■ The problem: Repeat each line of the material below exactly as it appears, minus any pictures.

■ Dataset content:
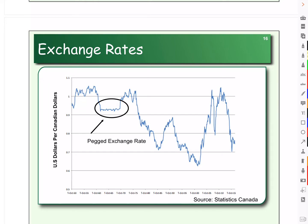In 1971, the U.S. stopped exchanging gold, and so that pegged exchange rate with the U.S. dollar disappeared. So since then, in Canada, we have had what is called a managed float.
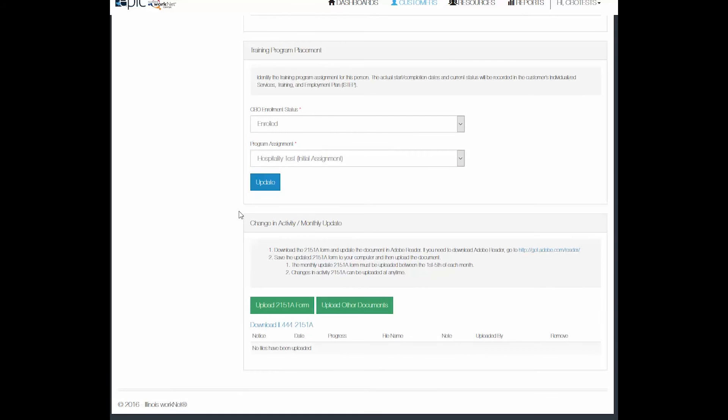Then within 24 hours of that, you do need to be uploading an initial 2151A form to tell what the customer will be doing for the remainder of the month that you are in at 20 hours a week. And between the first and the fifth of each month, you will be uploading a 2151A form for the activities that happened in the month prior for that customer.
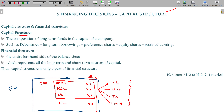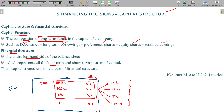Capital structure is nothing but the composition of long-term funds in the capital — like debentures, long-term borrowings, preference shares, equity shares, and retained earnings. In case of financial structure, it refers to the entire left-hand side of the balance sheet, representing long-term as well as short-term sources of capital. So, capital structure is a small part of the financial structure.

■ Exercise solution:
In 1971, the U.S. stopped exchanging gold, and so that pegged exchange rate with the U.S. dollar disappeared. So since then, in Canada, we have had what is called a managed float.
Then within 24 hours of that, you do need to be uploading an initial 2151A form to tell what the customer will be doing for the remainder of the month that you are in at 20 hours a week. And between the first and the fifth of each month, you will be uploading a 2151A form for the activities that happened in the month prior for that customer.
Capital structure is nothing but the composition of long-term funds in the capital — like debentures, long-term borrowings, preference shares, equity shares, and retained earnings. In case of financial structure, it refers to the entire left-hand side of the balance sheet, representing long-term as well as short-term sources of capital. So, capital structure is a small part of the financial structure.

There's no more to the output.